When I was in his pastoral counseling class at SBTS, I made an appointment to talk with Dr. Oates about a troublesome matter in the church I was serving as pastor. After listening carefully to my explanation of the problem, he leaned toward me and said, “Brother Seat, there are some situations we just can’t change. All we can do is learn from them.”
Several years later, in 1971, Dr. Oates wrote a book titled “Confessions of a Workaholic.” He begins, “Workaholism is a word which I have invented. It is not in your dictionary.”
But now “workaholic” is in most dictionaries. In a brief article about his death, the New York Times reported that Oates’s 1971 book resulted in “workaholic” being added “to the American lexicon; the Oxford English Dictionary credits him with inventing it.”
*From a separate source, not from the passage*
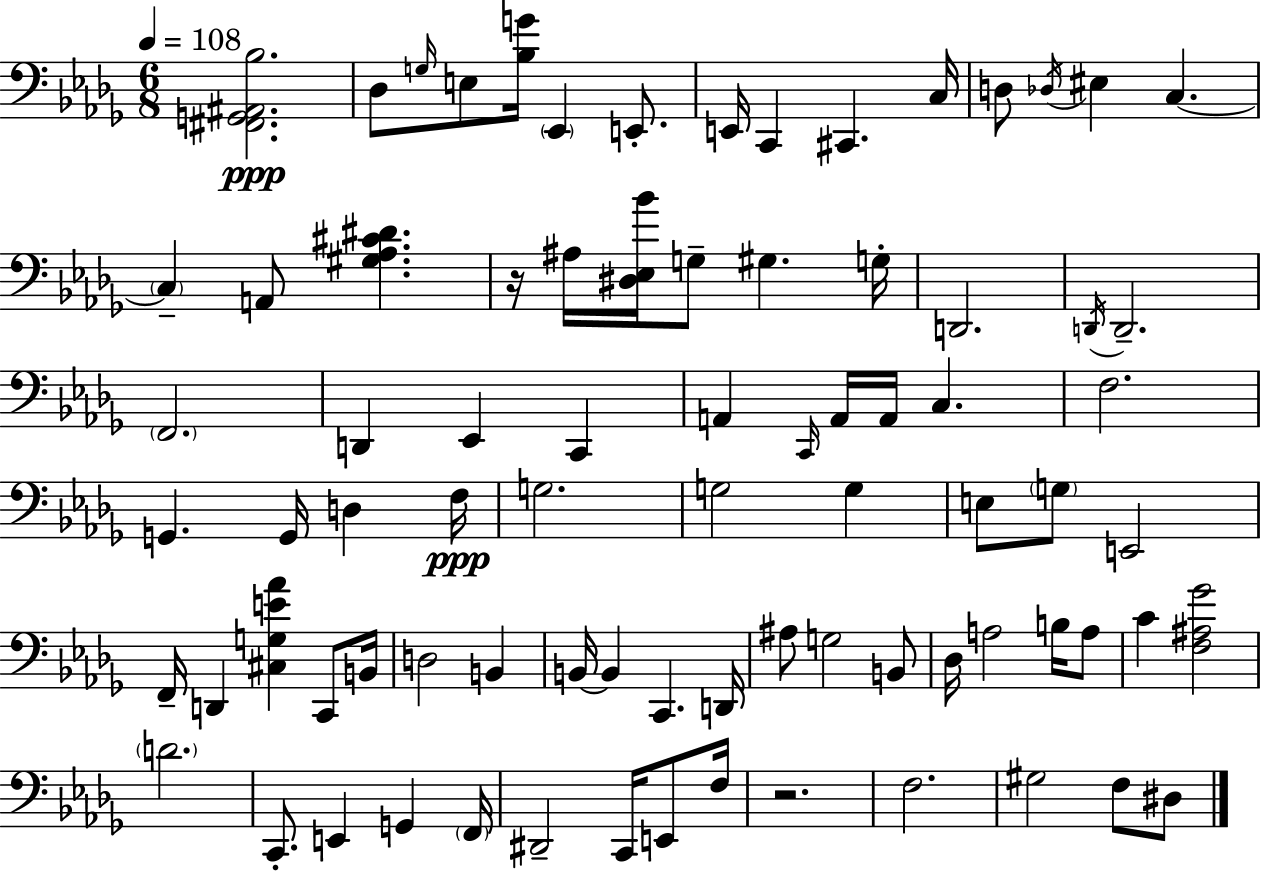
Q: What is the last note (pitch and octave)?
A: D#3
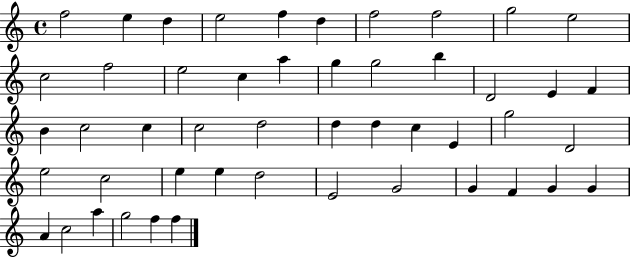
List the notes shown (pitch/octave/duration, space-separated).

F5/h E5/q D5/q E5/h F5/q D5/q F5/h F5/h G5/h E5/h C5/h F5/h E5/h C5/q A5/q G5/q G5/h B5/q D4/h E4/q F4/q B4/q C5/h C5/q C5/h D5/h D5/q D5/q C5/q E4/q G5/h D4/h E5/h C5/h E5/q E5/q D5/h E4/h G4/h G4/q F4/q G4/q G4/q A4/q C5/h A5/q G5/h F5/q F5/q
At the age of 66, Dr. Oates wrote an autobiographical book titled “The Struggle to Be Free.” The first chapter is about his boyhood and the struggle to be free of poverty.
Next he writes about the struggle to be free from a feeling of inferiority. “Poverty,” he contends, “leaves you with wounds to your self-esteem” (p. 29).
“To Be Free from the Slavery of Overcommitment” is the title of the seventh chapter, and there Dr. Oates tells how he wrote the book about workaholism because of his own struggle with an overcommitment to work.”
He came to realize that part of the reason for that was due to the poverty he had experienced as a boy. He writes, “I do not think that economics determines our destiny. I do think that economics shapes our thoughts and decisions far more than the pious people of the earth know or are willing to admit” (p. 136).
Throughout his lifetime, Dr. Oates wrote 57 books—far more than he probably would have written if he had not been a workaholic. (In some cases we can thank God for workaholics!)
Those books have been greatly beneficial not only to his many students and to other teachers in the field of counseling, but also to many people in the general public who have been able to learn from the wisdom shared in his books.
Please join me in thanking God for wise teachers—and even for workaholics like Dr. Oates.